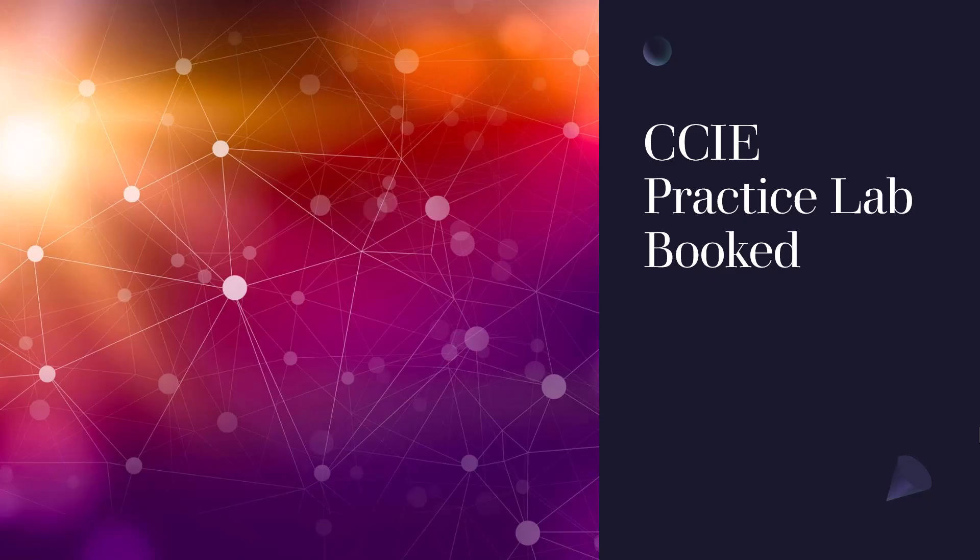Hello, my loyal Cisco-based YouTube followers, Anthony Sequeira here, and I am thrilled to tell you that I have finally followed up on booking a CCIE practice lab. It is all booked up, and this is to let you know officially that I will be taking this lab, as I promised you, and videoing a full review of it for you.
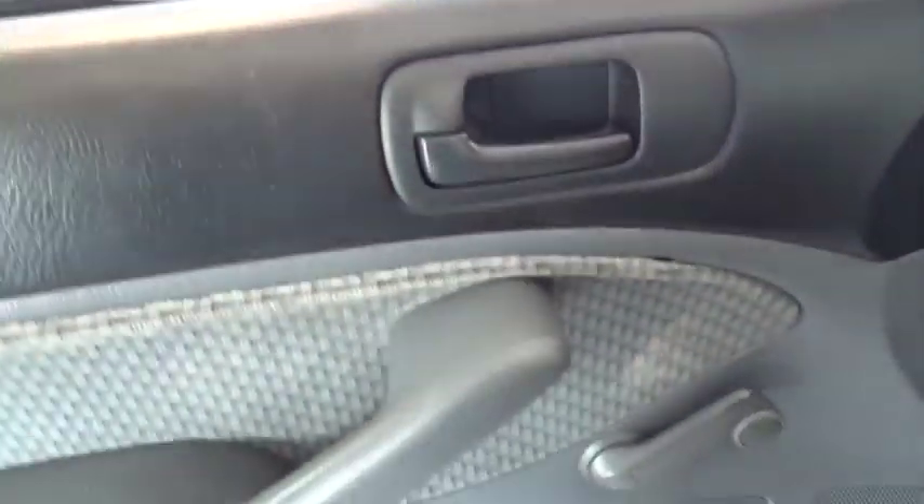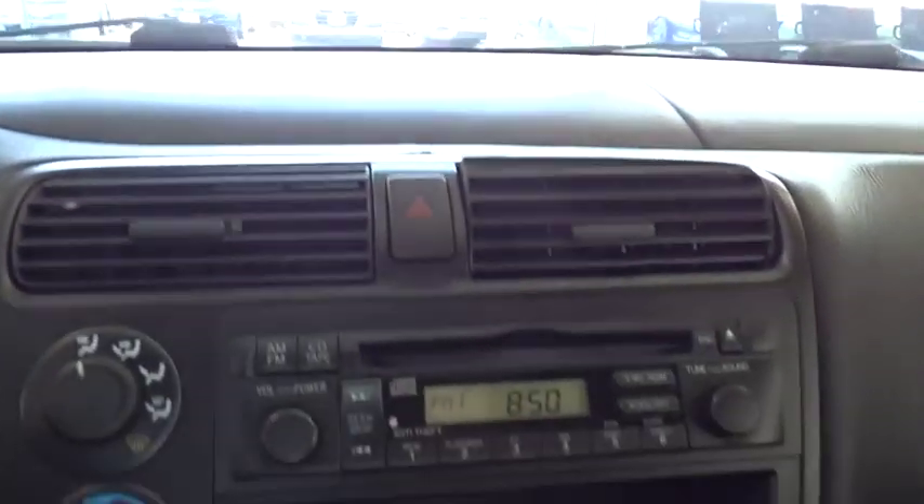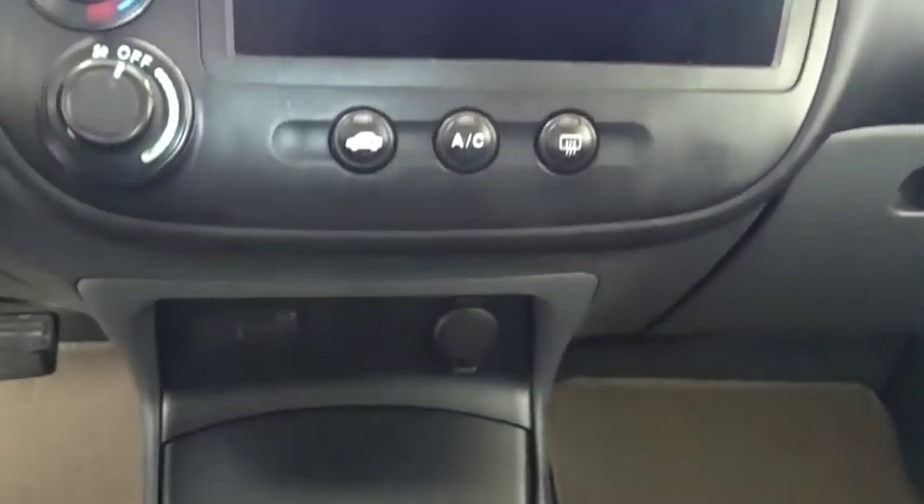CD player, front disc, rear drum brakes, power outlet, emergency trunk release, remote trunk release, driver vanity mirror, passenger vanity mirror, pass-through rear seat, steel wheels, engine immobilizer, wheel covers.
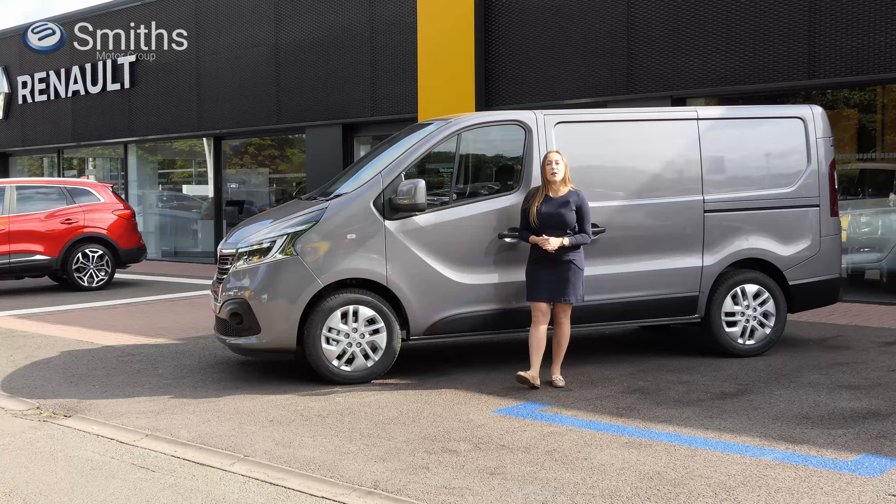Hello and welcome to Smith's Renault in Peterborough. My name's Ellie and in this video today we're going to have a look at the updated Renault Trafic van.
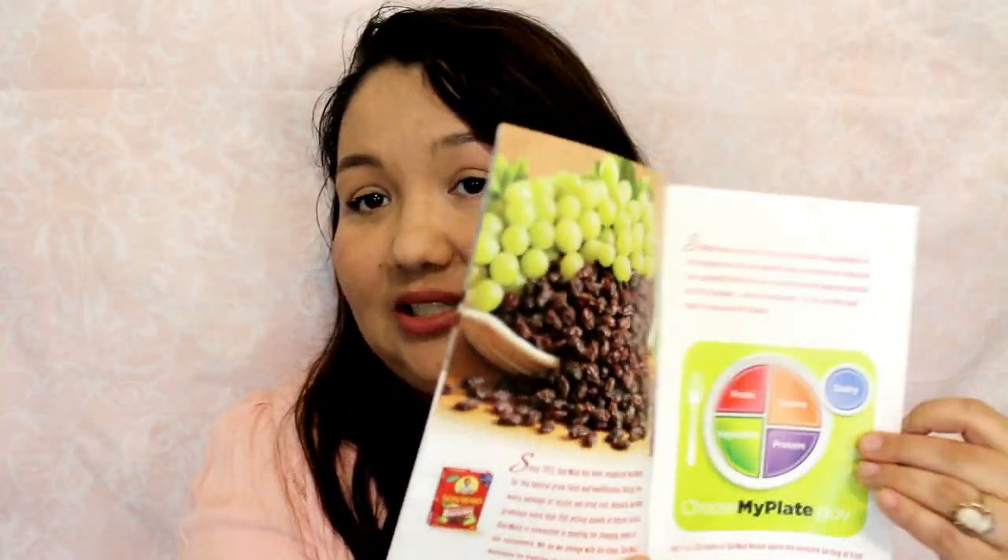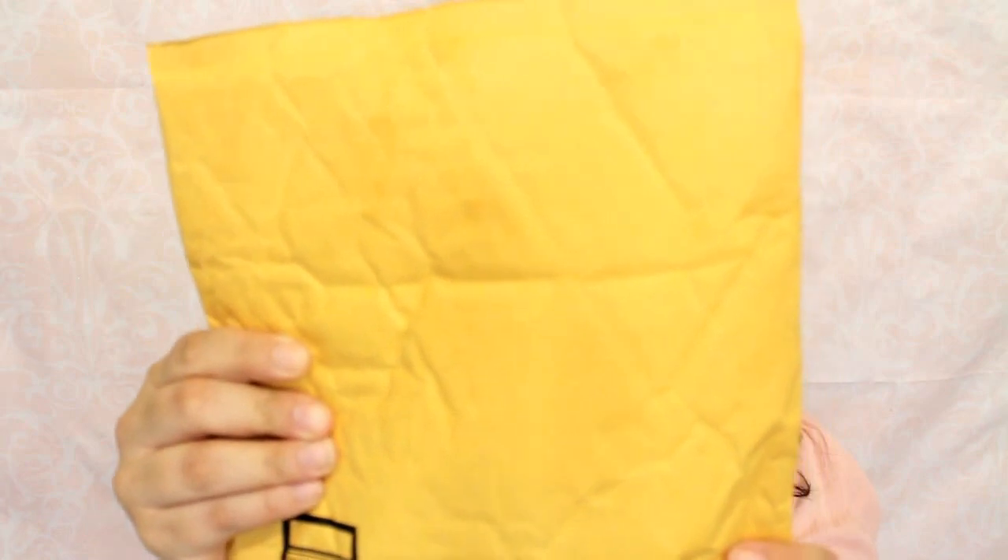The next thing is from Sun-Maid. I'm not sure what this is — I wonder if it's a recipe book like the one I got last time from Jiffy. Yeah, it's Healthy Living Recipes for Healthy Living. So another little handy dandy recipe book — that is cool and nice.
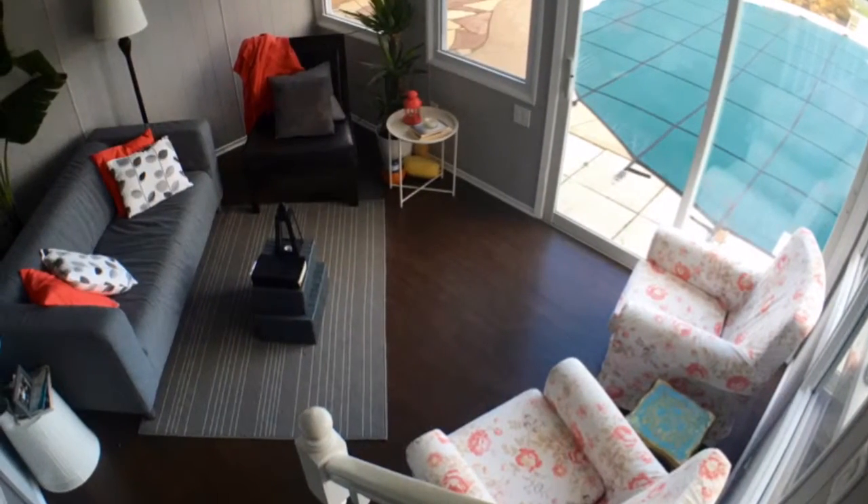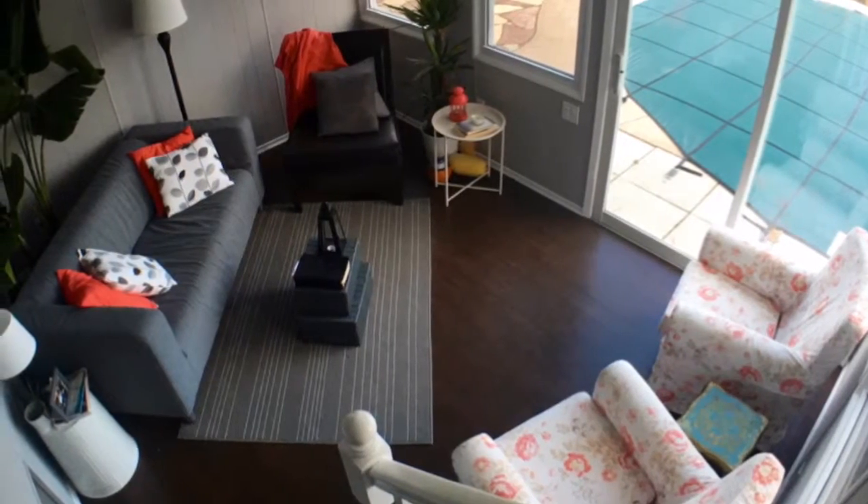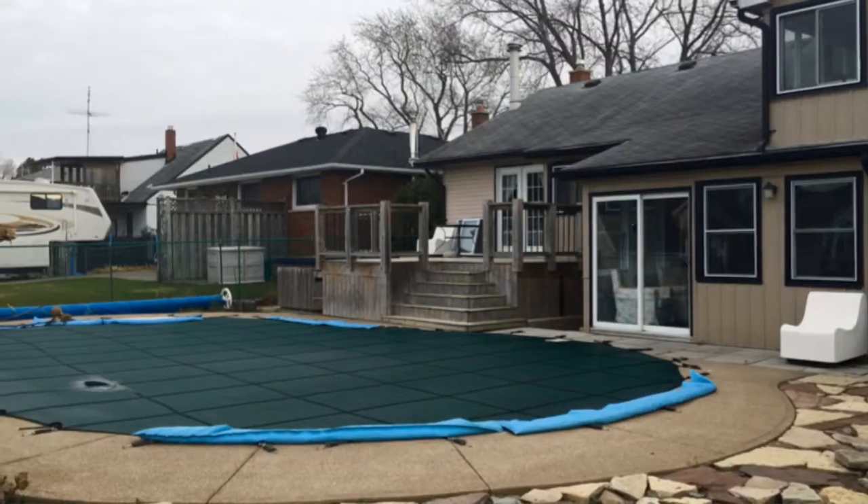Gorgeous sunroom with access to the in-ground pool and hot tub. Perfect for those that like to entertain in style.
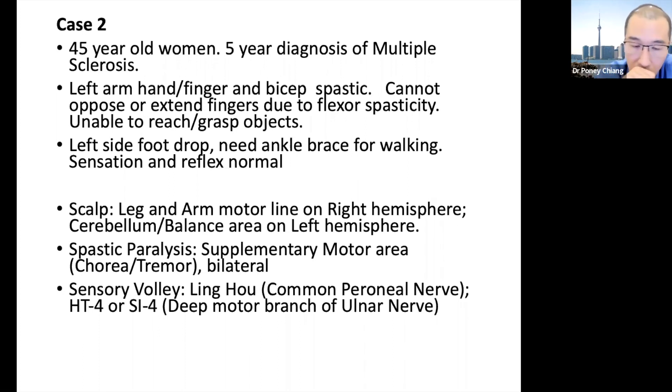For the peripheral, we have a technique called sensory volley. The nerve controlling foot drop is called the common peroneal nerve, and all these nerves already have an acupuncture point passed down. It's called Ling Ho, which is near Yang Lingquan — GB 34, meaning 'the young spring at the hill.' Ling Ho means 'behind the hill,' and the hill here is the head of the fibula — a very beautiful, poetic description of the body. So it is behind the head of the fibula where the common peroneal nerve is located.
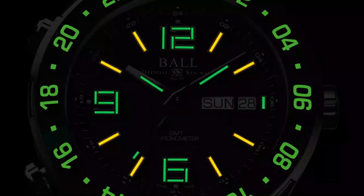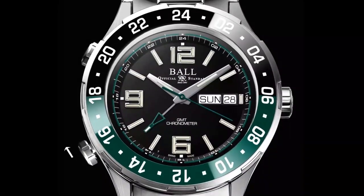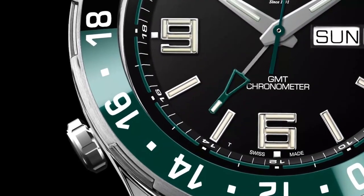Designed in collaboration with a Navy mariner, the world's first Day-Date GMT timepiece, now with a ceramic bezel.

EXERCISE AIM:
The answer is the whole listing above, written out verbatim, without its pictures.

THE COMPLETED TASK:
Hello, my loyal Cisco-based YouTube followers, Anthony Sequeira here, and I am thrilled to tell you that I have finally followed up on booking a CCIE practice lab. It is all booked up, and this is to let you know officially that I will be taking this lab, as I promised you, and videoing a full review of it for you.
CD player, front disc, rear drum brakes, power outlet, emergency trunk release, remote trunk release, driver vanity mirror, passenger vanity mirror, pass-through rear seat, steel wheels, engine immobilizer, wheel covers.
Hello and welcome to Smith's Renault in Peterborough. My name's Ellie and in this video today we're going to have a look at the updated Renault Trafic van.
The next thing is from Sun-Maid. I'm not sure what this is — I wonder if it's a recipe book like the one I got last time from Jiffy. Yeah, it's Healthy Living Recipes for Healthy Living. So another little handy dandy recipe book — that is cool and nice.
Gorgeous sunroom with access to the in-ground pool and hot tub. Perfect for those that like to entertain in style.
For the peripheral, we have a technique called sensory volley. The nerve controlling foot drop is called the common peroneal nerve, and all these nerves already have an acupuncture point passed down. It's called Ling Ho, which is near Yang Lingquan — GB 34, meaning 'the young spring at the hill.' Ling Ho means 'behind the hill,' and the hill here is the head of the fibula — a very beautiful, poetic description of the body. So it is behind the head of the fibula where the common peroneal nerve is located.
Designed in collaboration with a Navy mariner, the world's first Day-Date GMT timepiece, now with a ceramic bezel.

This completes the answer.